Chociaż po czasie nieśmiało przyznajemy między sobą, że najładniejsze były te pospolite żółte ptaszki. I zielone papużki, które widzieliśmy jeszcze kilkanaście razy na palmach. Chociaż przewodnikowi oczywiście tego nie przyznaliśmy, jeszcze byśmy mu serce złamali. Więc oficjalnie zachwycaliśmy się wielkim czerwonym ptakiem, którego wypatrzył na sam koniec. I którym chwalił się później innym napotkanym przewodnikom.
A przewodników mijaliśmy wielu, bo atrakcja jest niesamowicie popularna. Warto tutaj wspomnieć o naszym (jeszcze bardziej niesamowitym) farcie. Bowiem wszystkie pozostałe wycieczki liczyły 10-15 osób. My za to byliśmy jedyni. Wycieczka indywidualna, w cenie grupowej. Takie przypadki to ja lubię.
Cascada Marinka – najpopularniejszy wodospad w Minca
Jeżeli Minca coś Wam już mówi, to prawdopodobnie słyszeliście również o Cascada de Marinka. Wodospadzie, który znajduje się nieopodal i stanowi popularny cel spacerowy. Oraz jedną z największych atrakcji miasteczka.
O czym myślisz, gdy słyszysz o popularnej atrakcji? Ogrom ludzi. I w tym względzie naprawdę miło się zaskoczyliśmy. Bo w odróżnieniu od drugiego wodospadu, który opiszemy za chwilę, Marinka była naprawdę pusta. Spotkaliśmy zaledwie kilka par, które przyjechały zrobić sobie zdjęcia, jednak uciekały od razu po zamoczeniu końca stopy w lodowatej wodzie.
Deszcz się nas trzyma
Wodospady są tutaj dwa, chociaż tylko jeden ma wyznaczony basen do kąpieli oraz odpowiednio wysoki poziom wody. Większość ludzi mija go jedynie, aby dotrzeć do tej bardziej instagramowej części, gdzie można zrobić ładniejsze zdjęcia. Mogliśmy więc popływać w zimnym basenie całkowicie sami, otoczeni przepiękną zielenią.

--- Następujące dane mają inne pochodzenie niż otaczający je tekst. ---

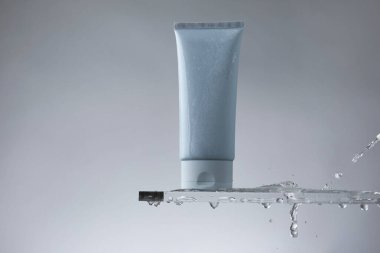 Cam üzerinde nemlendirici krem ve gri arka planda su damlaları.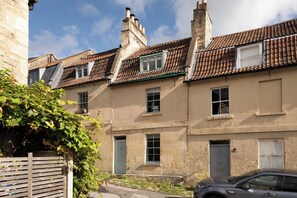 A row of terraced houses with pitched roofs, a wooden fence, and a car parked in front. - 3-Bed Home in Batheaston, Sleeps 6 (Batheaston)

Co prawda nie potrwało to długo, bo kolejny raz zerwał się ulewny deszcz. Piękny kolor wody zmienił się brązową breję, która nie zachęcała do kąpieli. Schowaliśmy się w restauracji, chcąc przeczekać najgorszą ulewę. Staliśmy jednak pod ścianą na tyle długo, że zaczęło nam się robić głupio. Zamówiliśmy więc makaron i pizzę, czego pożałowaliśmy po pierwszym kęsie. Ceny co prawda nie były zbyt wygórowane, jak na miejsce turystyczne. Jednak smakowo ciężko było to wybronić.
Niektórym może nie podobać się, że miejsce utraciło swoją pierwotną dzikość. Faktycznie wodospady są tutaj wydzielone, a naokoło posadzona została równa trawa. Jednak nie znajdziemy tutaj żadnych śmieci, całość jest idealnie oznaczona, a do dyspozycji odwiedzających są toalety i przebieralnie. Oraz gigantyczne hamaki, na których można połazić na czworaka i odpocząć z widokiem na wodospady.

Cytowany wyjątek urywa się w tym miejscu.